> EXERCISE AIM
Only one portion of the data is to be written out: from the line bearing "Sir LED cu senzor de miscare, Oem" through the line bearing "Chalet en Venta". Write it exactly as it appears.
─── STUDY MATERIAL
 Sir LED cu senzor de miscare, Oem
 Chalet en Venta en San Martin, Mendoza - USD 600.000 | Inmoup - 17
──────
─── STUDY MATERIAL
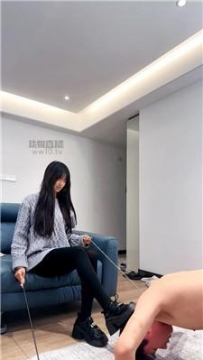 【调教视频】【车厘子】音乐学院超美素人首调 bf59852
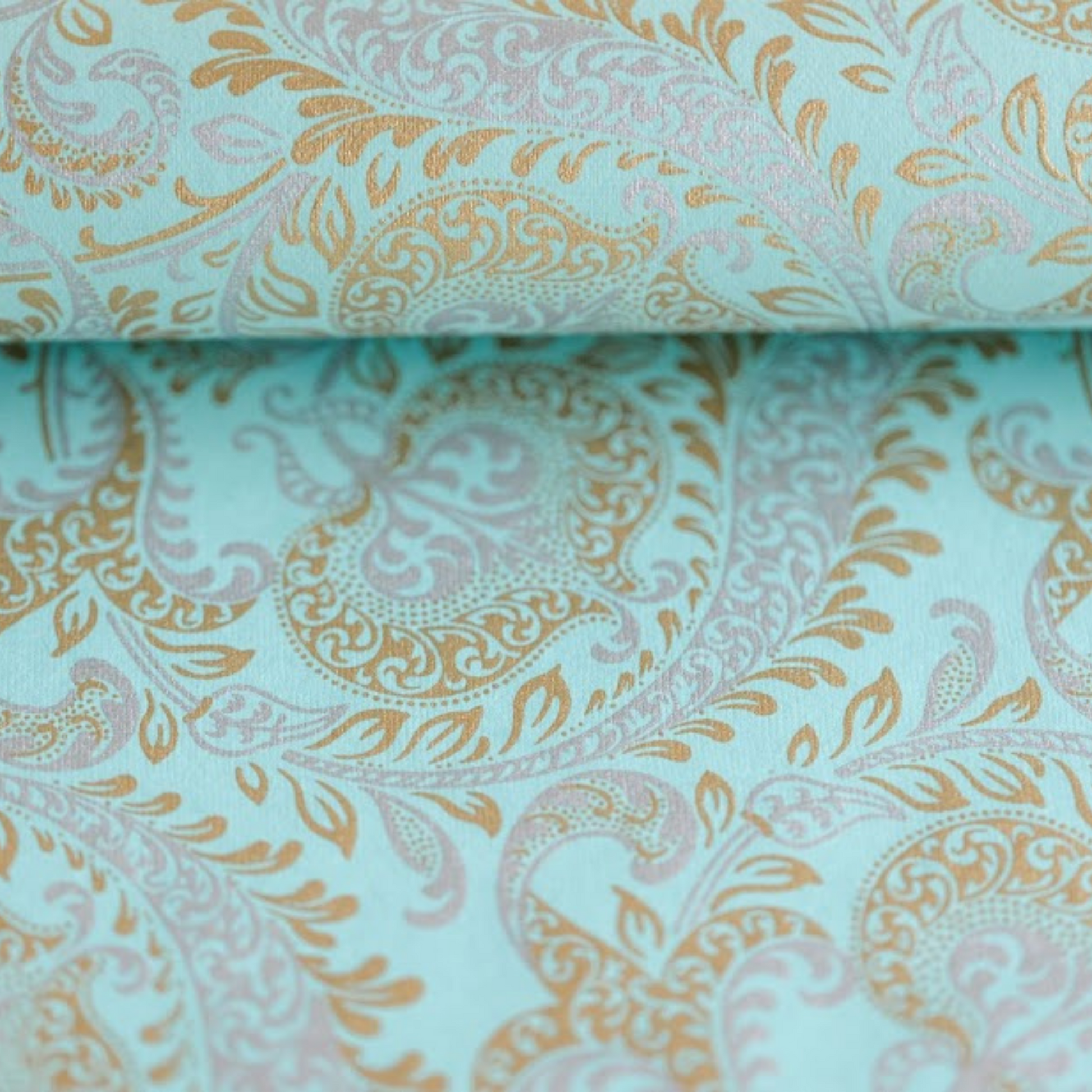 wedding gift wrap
──────
─── STUDY MATERIAL
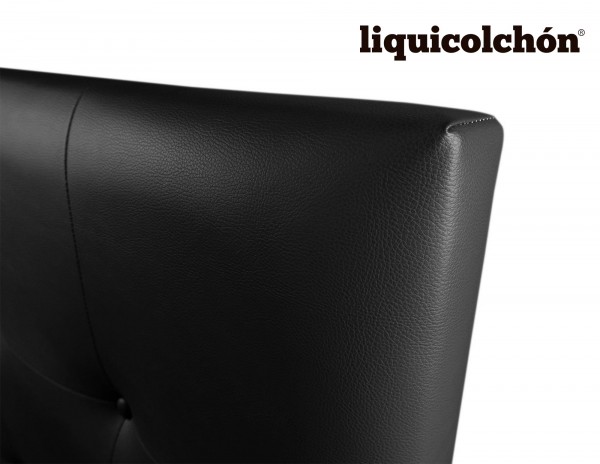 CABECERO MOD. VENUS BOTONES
──────
> EXPECTED ANSWER
 Sir LED cu senzor de miscare, Oem
 Chalet en Venta en San Martin, Mendoza - USD 600.000 | Inmoup - 17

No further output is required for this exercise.